** Opening DATA block **

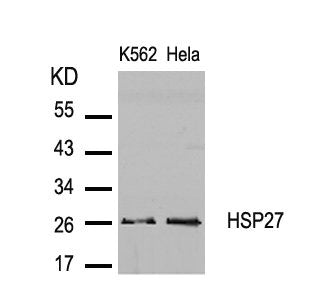 Western blot analysis of extracts from K562 and Hela cells using HSP27(Ab-82) Antibody.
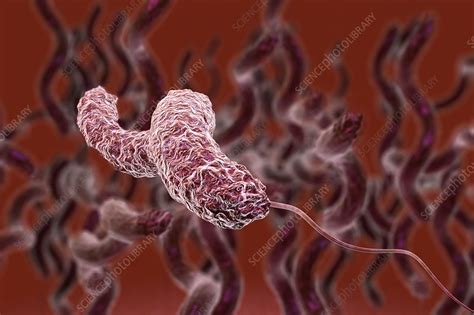 Campylobacter Jejuni Bacteria Illustration Stock Image C0345544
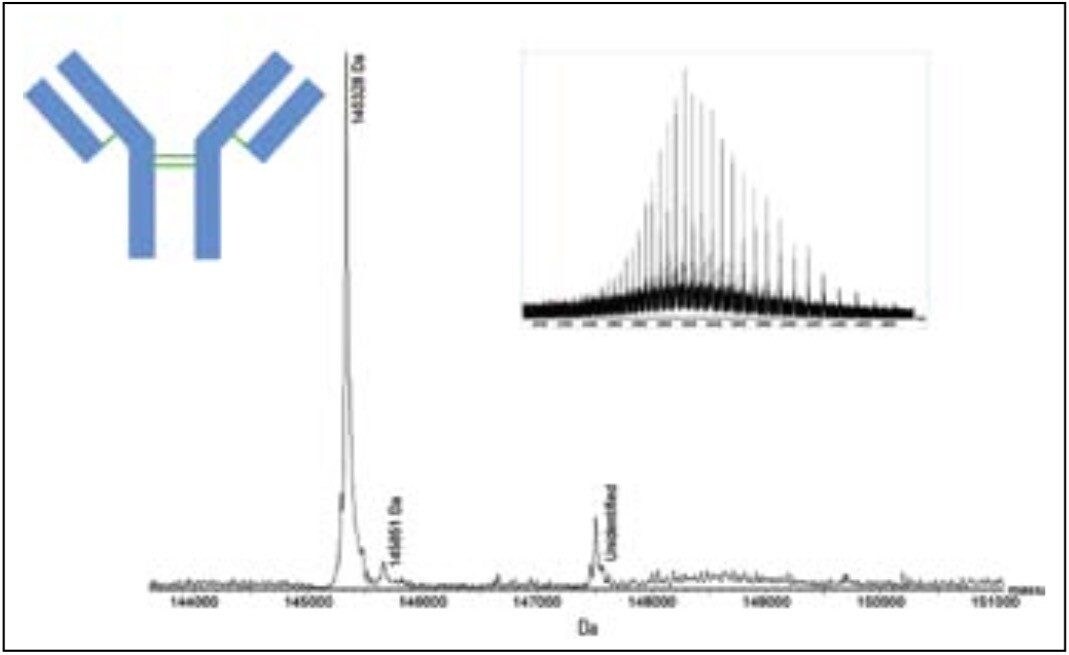Characterization of an IgG1 Monoclonal Antibody and Related Sub ...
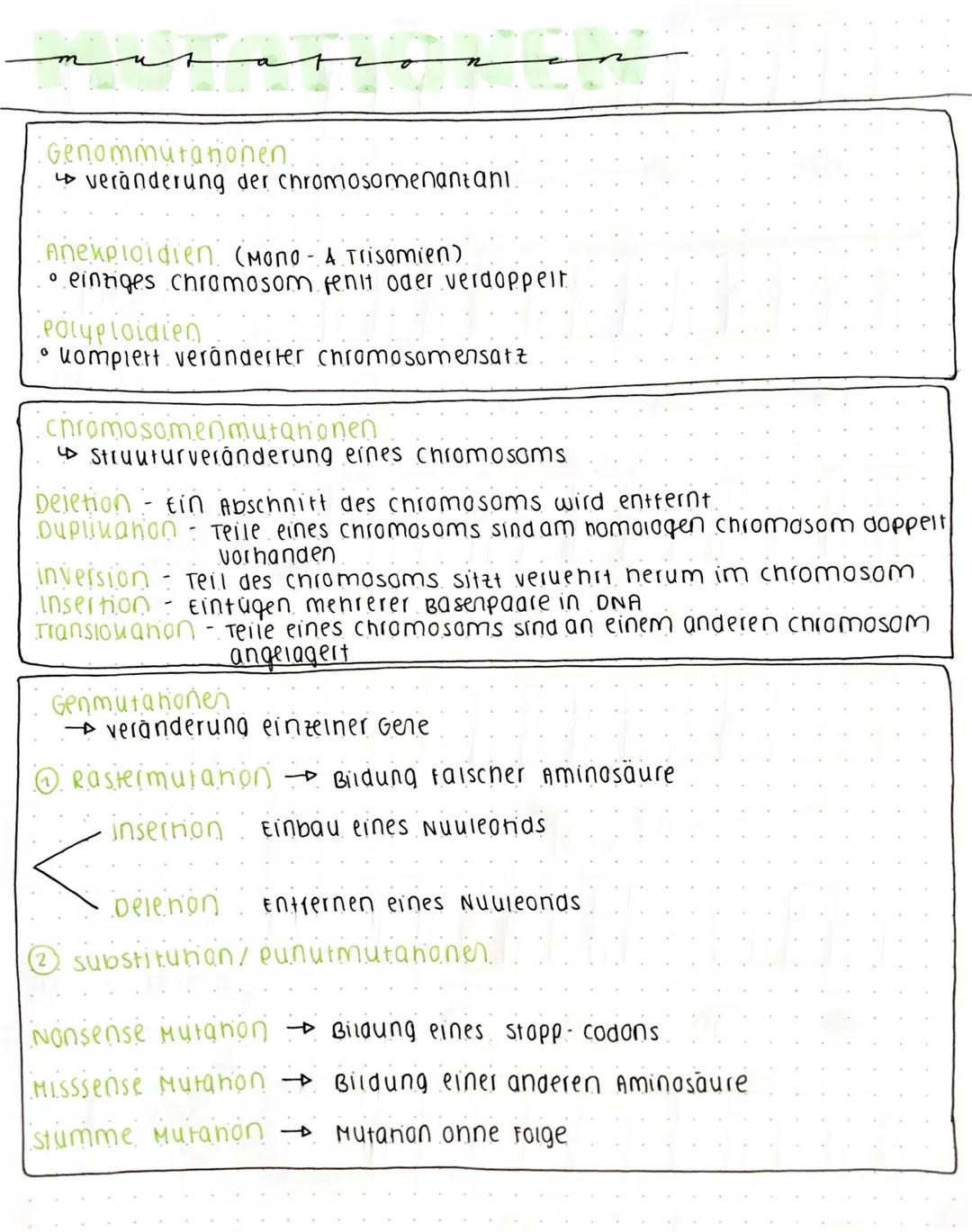 Genommuranonen.
veränderung der chromosomenantani.
Aneuploidien (Mono - A Trisomien)
•	einziges chromosom fenit oder verdoppelt
Ροιφρίσιαίος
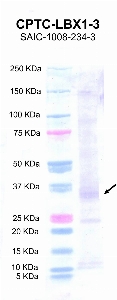 Click to enlarge image Western Blot using CPTC-LBX1-3 as primary antibody against recombinant LBX1 protein  (lane 2) with expected MW of 33 KDa. Molecular weight standards are also included (lane 1).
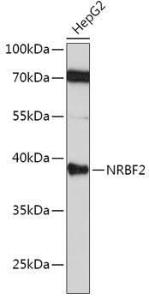 Western blot analysis of extracts of HepG2 cells, using Anti-NRBF2 Antibody (A9878) at 1:1000 dilution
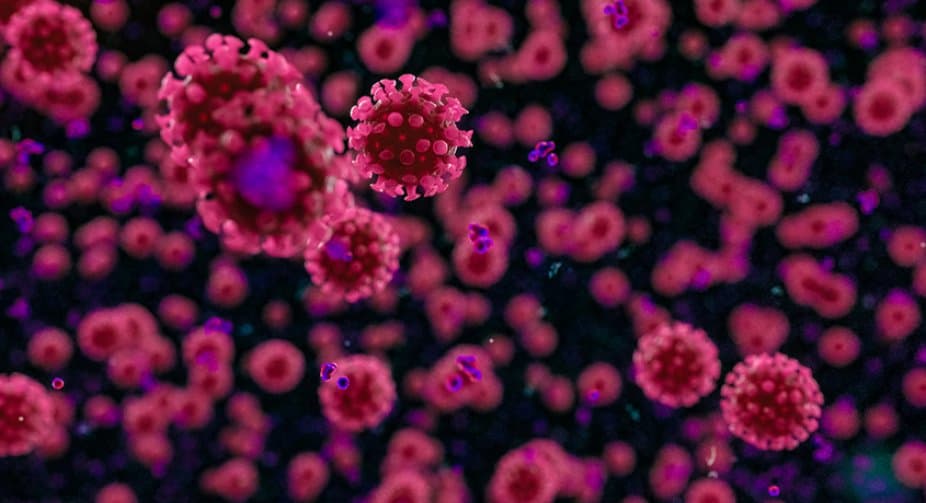 Coronavirus in Georgia: daily cases at 407, deaths decrease to three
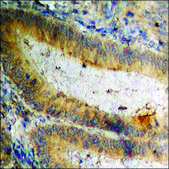 Anti-phospho-Cyclin D3 (pThr283) antibody produced in rabbit affinity isolated antibody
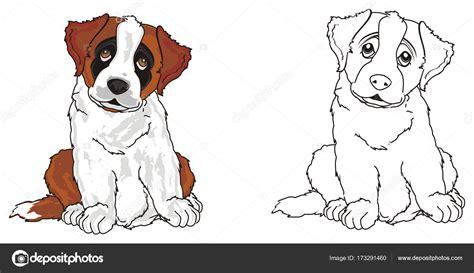 Imagenes Para Colorear De Perros San Bernardo - Impresion: Aprende a Dibujar Fácil, dibujos de Un Perro San Bernardo, como dibujar Un Perro San Bernardo para colorear e imprimir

** Closing DATA block **

→ PROBLEM DETAILS
Nothing outside the stretch above, from the line with "Campylobacter Jejuni Bacteria" through the line with "Coronavirus in Georgia: daily", is set down. Transcribe that stretch exactly, ends included, but not its pictures.

→ OUTPUT BELOW
 Campylobacter Jejuni Bacteria Illustration Stock Image C0345544
Characterization of an IgG1 Monoclonal Antibody and Related Sub ...
 Genommuranonen.
veränderung der chromosomenantani.
Aneuploidien (Mono - A Trisomien)
•	einziges chromosom fenit oder verdoppelt
Ροιφρίσιαίος
 Click to enlarge image Western Blot using CPTC-LBX1-3 as primary antibody against recombinant LBX1 protein  (lane 2) with expected MW of 33 KDa. Molecular weight standards are also included (lane 1).
 Western blot analysis of extracts of HepG2 cells, using Anti-NRBF2 Antibody (A9878) at 1:1000 dilution
 Coronavirus in Georgia: daily cases at 407, deaths decrease to three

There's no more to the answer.